The Harris County Flood Control District strives year around to devise and implement flood damage reduction plans while maintaining the infrastructure, and hurricane season is no different. Pat Hernandez has the story.

It is the mission of the Harris County Flood Control District to build projects that reduce the risk of flooding. Its responsibility lies in widening, deepening and maintaining more than 25-hundred miles of channel. Put those waterway banks back-to-back, then it’s more like 5-thousand miles of responsibility.


widening of Sims Bayou with U.S. Army Corps of Engineers


Heather Saucier heads media relations for the District and it’s not that she takes hurricane season lightly.

“We are at risk for flooding year round — not just during hurricane season.”

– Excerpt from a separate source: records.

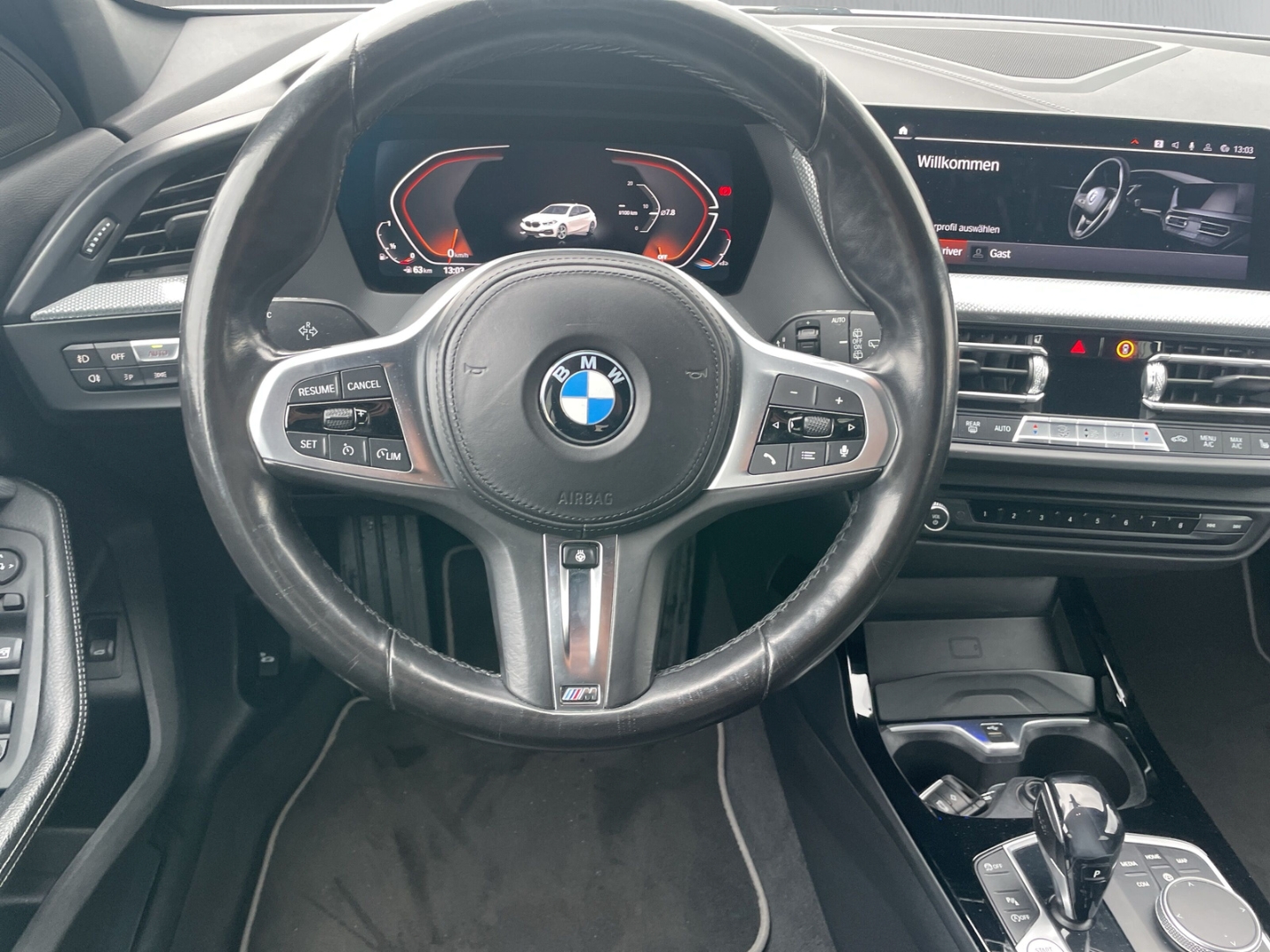 Fahrzeugabbildung BMW 120 Sport Line M-Sport LENK LED TEMP NAV LEDER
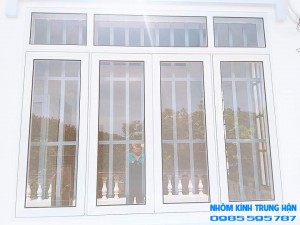 NHÔM KÍNH TRUNG HẬN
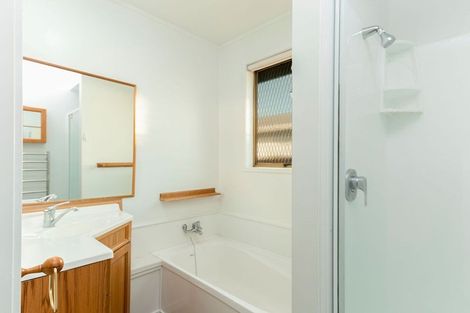 Photo of property in 2/63 Walworth Avenue, Pakuranga Heights, Auckland, 2010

She tells us why we are prone to flooding so often:

“We are very flat. And when we get a lot of rain in a very short period of time, our water just can’t get to Galveston Bay quick enough. We also get tremendous amounts of rain here. And also, a lot of our soils are clay and so, they’re impermeable. They don’t absorb a lot of water. You put those three things together, it’s very clear to see why flooding is our natural hazard here.”

Following the aftermath of TS Allison, Harris County Commissioners set aside 125-million dollars each year for Flood Control. A lot of that money is spent on maintaining the existing infrastructure, but Saucier says the bulk of that is spent on capital projects to reduce the risk:

“Does that mean that we’re not going to flood? No that’s not what that means. However, with the projects that we have been building in the last year, we’re certainly better off.”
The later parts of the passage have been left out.